A WORLD OF VILLAGES: A Six-Year Journey Through Africa and Asia

By

Pub Date: May 26th, 1986
Publisher: Crown

A meandering travelogue, documenting the author's six years spent roaming from village to village in the backwaters of Asia and Africa. ""Travel is addictive,"" the author writes. ""No matter how far you've gone, there are always other lands beyond the horizon, hidden places each with their own peculiar secrets waiting to be revealed. And the very best. . .are those that lie just beyond the borders of the attainable."" It is beyond those borders that Schwartz (China Off the Beaten Track) went, often flouting ever-present security police and bureaucracies that make attaining visas an exercise in superhuman patience. His travels took him from Uganda to India, Nepal, Burma, Bali, New Guinea, Indonesia, Afghanistan (just before the Soviet invasion), Iran (again, just before Khomeini), Syria, Egypt, the Sudan, Zaire, and on and on, often returning to the same location twice across a distance of years.

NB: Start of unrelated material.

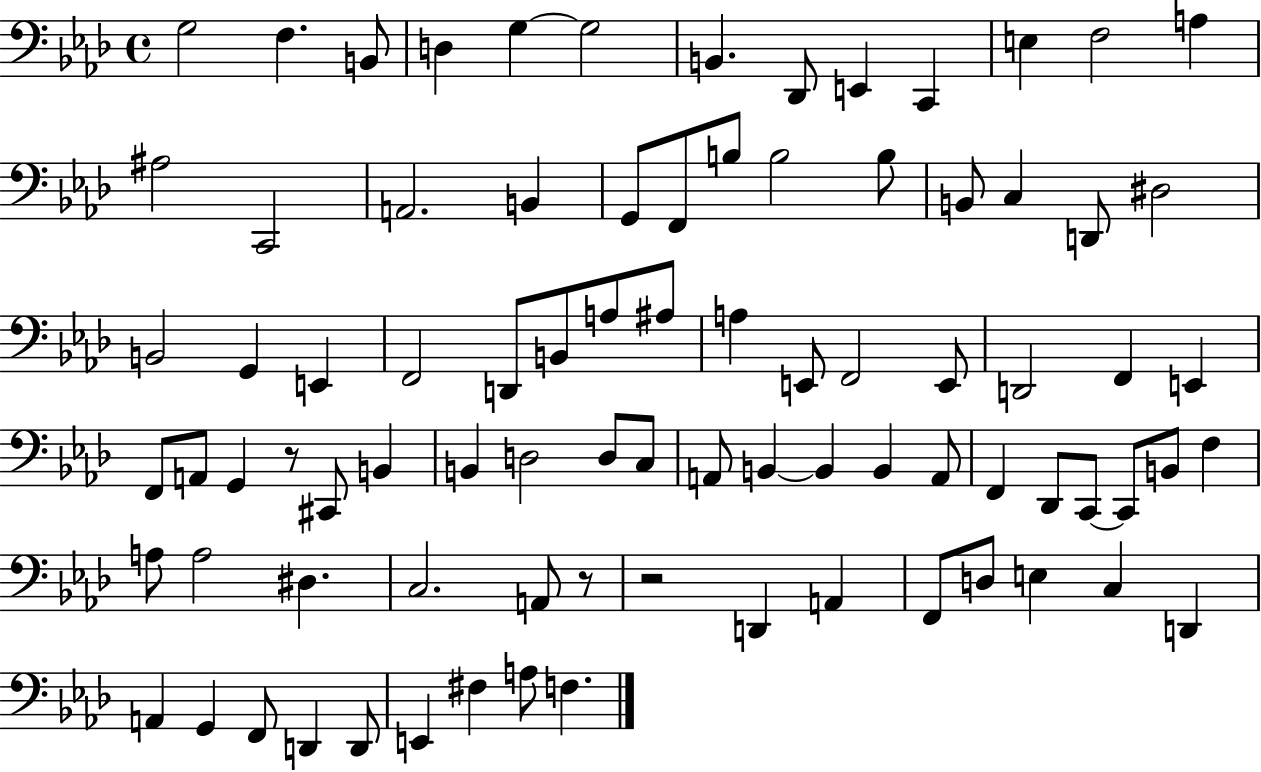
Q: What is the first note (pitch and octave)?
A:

Uganda seemed to be his Waterloo; there on his first visit, he was shot at and jailed by Idi Amin's Special Bureau, while on his second visit (why return?) he ended up volunteering for an exhausting stint assisting in famine relief. There is some beautiful writing here and occasional witty or apt insights. In Rangoon, ""men wore skirts and women smoked cigars."" In Singapore, ""there's a hum of smug prosperity, and you can almost hear the GNP growing."" No one wears a watch in New Guinea: thus, ""if a time for a meeting had to be specified, it was always 6 AM or 6 PM--sunrise or sunset--the two times of day everyone knew."" In the end, though, Schwartz's ramblings seem somehow aimless. There is no explanation, even, of the decision to return home after six years. It just happens, suddenly, in two sentences. The closest thing to a lesson gleaned from his observations is when he says, early on, that ""I saw so many stereotypes refuted that I sometimes thought that a committee of bigots should be formed to keep our prejudices up to date. . .annual revisions might well be required."" A Blue Highways for the third world.